Acht Jahre nach der Tragödie
Haltern nach der Germanwings-Katastrophe: RTL-Reporter erinnert sich an schwersten Einsatz seines Lebens

Ein schweigendes Meer voller Blumen. Ein leuchtendes Meer voll brennender Kerzen. Ein stilles Meer voller stummer Plüschtiere. Und immer wieder junge Menschen mitten in diesem Meer. Das traurigste Meer, das ich je erlebt habe.
Diese Bilder haben sich tief in meinen Kopf, tief in mein Herz gebrannt. Es sind die Bilder vom Joseph-König-Gymnasium. Es sind die Erinnerungen an die Trauerstätte der Schüler und Lehrer vor ihrer Schule. Das sind die Bilder meiner Erinnerung, wenn ich an die Germanwings-Tragödie denke. Und während ich diese Buchstaben tippe merke ich, wie mir Tränen in meine Augen steigen.
Hier kennt jeder eine Familie, die einen lieben Menschen verloren hat

Ich sehe mich noch heute vor dieser Schule stehen. Die traurigste Schule der Welt. Ich sehe Mamas und Papas, die ihre Kinder zur Schule bringen. Mit dem Auto, zu Fuß, wie immer. Für sie geht das Leben weiter. Irgendwie zumindest. Äußerlich sieht es aus wie Alltag. Doch mir fällt auf, wie still es ist. Ich habe den Eindruck, niemand redet mehr, als unbedingt nötig.

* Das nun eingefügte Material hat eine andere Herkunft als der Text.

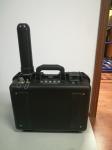 Hand carried type communication jammers 2g 3g 4g video Audio wifi wimax small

Ich sehe in Augen ohne Ausdruck. Ich sehe Blicke, die starr sind. Ich habe das Gefühl, viele Menschen sind an diesem Tag nur mit ihrem Körper hier. Die Gedanken sind woanders. Bei den getöteten Jugendlichen und Lehrern, bei deren Mütter und Väter, die nun irgendwie weiterleben müssen. Ich spüre die Trauer. Ich spüre, dass viele Menschen sich hier kennen. Hier kennt jeder irgendeine Familie, die einen lieben Menschen verloren hat, auch wenn sie es mir womöglich nicht sagen wollen.
Haltern am See trägt schwarz. Innen wie außen
Die Gedanken an diesem Tag sind schwarz. Haltern am See trägt schwarz. Innen, wie Außen. Das habe ich bis zu diesem Tag noch nie erlebt. Es ist eine Atmosphäre, die ich persönlich kaum aushalten kann. Ginge es nach meinem Herzen, würde ich mich dazustellen, zu all den Blumen und Kerzen und Plüschtieren und einfach mitweinen.
Ich bin aber hier, um der Welt zu zeigen, was passiert, was die Folgen dieses Flugzeug-Absturzes sind: Traurige Menschen, welche den Boden unter den Füßen verlieren, weil sie ihre Zukunft verloren haben. Kinder sind Zukunft.
Ich wünsche mir in diesem Moment, Andreas Lubitz hätte all diese Bilder vor seinem egoistischen, tödlichen Plan gesehen. Ich wünschte mir, er hätte diese Wahrheit vor seinem Entschluss gekannt. Ich bin sicher: er hätte seinen Plan verworfen. Dann wäre das traurigste Meer der Welt nicht hier und das Leben in Haltern wäre glücklich.
Es gibt keinen Trost, nur Tränen und verweinte Augen
Stattdessen steht nun eine Gruppe von Schülern an der Schule. Sie haben ihren Unterricht verlassen, um vor der Schule gemeinsam zu trauern. Sie stehen am traurigsten Ort der Welt und tragen schwarz oder zumindest dunkel. Gegenseitig halten sie sich in den Armen und versuchen, sich zu stützen und zu trösten. Nach einigen Minuten verlässt diese Schülergruppe diese Trauerstätte vor der Schule. Und schon bald kommt die nächste Schülergruppe aus dem Schulgebäude. Und die Nächste. Und die Nächste. Alle kommen schweigend aus dem Schulgebäude, stellen sich schweigend zusammen an das Meer und gehen schweigend wieder in die Schule. Reden möchte hier niemand.
Aber es gibt keinen Trost. Es gibt nur Tränen und verweinte Augen. Trauer. Bei Schülern, bei Lehrern, bei Eltern, bei allen hier in Haltern. Und auch bei mir. Und das ist bis heute so, wenn ich an meinen Reportereinsatz im Jahr 2015 in Haltern am See zurückdenke. Nach der Germanwings-Tragödie.
Anmerkung der Redaktion: Der Text unseres Kollegen Valerio Mangno wurde erstmals am 24. März 2021 anlässlich des sechsten Jahrestages der Katastrophe veröffentlicht.